紅耶は蒼瀬源二の表情を読み取ったようににっこり笑うと、右手のゴム縄を持ち上げた。
「これなんだと思う?」
「……なに?」
「わたしの武器なんだけど、別に特別なものじゃないよ。普通のホームセンターに売ってるゴム縄と鉛の重り。なんとこのゴム縄、工業用の丈夫なもので二百キロの重さにも耐える。しかも、伸縮にも優れていて十メートルの縄が三倍の三十メートルも伸びるんだよ」
両手でゴム縄を伸ばしながら説明する紅耶に、蒼瀬源二や周りの人間はなんといっていいか分からずただ戸惑った。
「そして、これ。学園に落ちてた小石」
そんな周りの反応は気にせず、紅耶はポケットから小石を取り出した。それを横目で見ていたシリスが、笑って確認してくる。
「準備万端?」
「うん、待たせたね」
頷き持っていたゴム縄の鉛を離すと、紅耶はゆっくりと回し始めた。鉛の重さに速度が増していき、ヒュンヒュンと風を切る音が響き始める。
「……!?」
分けが分からず、ただその行動に目を向ける蒼瀬源二たちに紅耶はもう一度だけ微笑むと、すぐに凛と瞳を光らせて口を開いた。

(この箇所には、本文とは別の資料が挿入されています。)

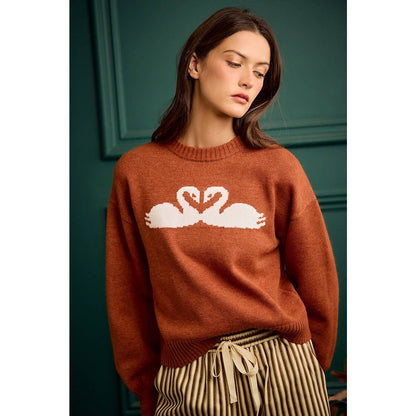 SWAN CREW NECK LONG SLEEVE SWEATER TOP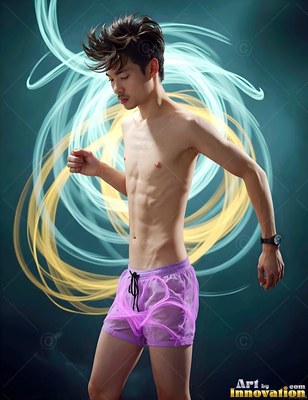 Man with no shirt in purple shorts posing before loops of light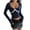 Dark Blue, variant on Timegard Crop Tops for Women Long Sleeve Going out Tops Square V Neck Lace Slim Casual Comfy Shirts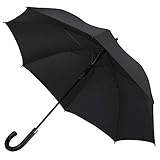 ［紳士長傘］SHIO MOKU 傘 長傘 メンズ ワンタッチ 65cm 大きめ 丈夫 撥水 耐強風 グラスファイバー 梅雨対策 通学 通勤 収納ポーチ付き ブラック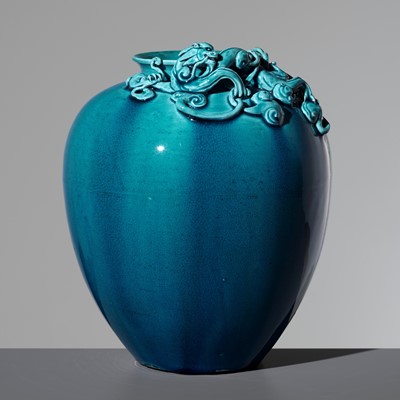 Lot 291 - A FINE TURQUOISE-GLAZED ‘CHILONG’ VASE, PANLONG PING, QING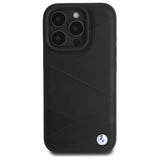 BMW Sign Læder Crossing Lines mønster iPhone 16 Pro Max Case - sort
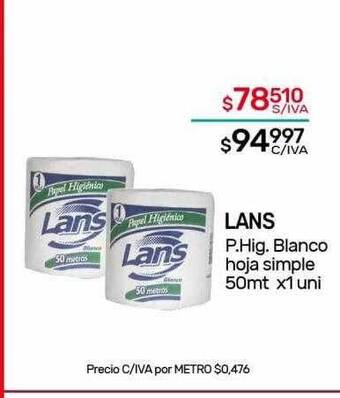 Nini Mayorista Lans p.hig.blanco hoja simple oferta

「ああ、銃を向けている人達、動かない方がいいよ。下手に動くと――」
手に持った小石を一つ親指で弾くと、戦いの合図をするかのようにそのまま紅耶は吼えた。
「当たり所が悪くて失明しちゃうかもしれないよ!」
――瞬間、
ヒュィンッ!!
紅耶の右手の縄が閃き、先についた鉛が落ちてくる小石を弾き飛ばした。
「がっ!」
「!!??」
弾かれた石が額に当たり倒れていく仲間を見て、銃を構えていた男たちが驚愕する。
「う、撃てっ!!」
黒スーツの一人が叫び、男たちが一斉に紅耶とシリスに銃を向け直す。
「遅いよ」
だが、銃を向けたその時にはもう紅耶とシリスは動き始めていた。
紅耶は小石をばっと放つと、踊るように身体を回転させながら縄で円の軌跡を描いた。
パパッ、パパパパンッ!!
「っ!」
「ぁがっ!」
鉛に弾かれた石は過不足なく全て飛んでいき、二階にいた六人の男が額を打ち抜かれ倒れていく。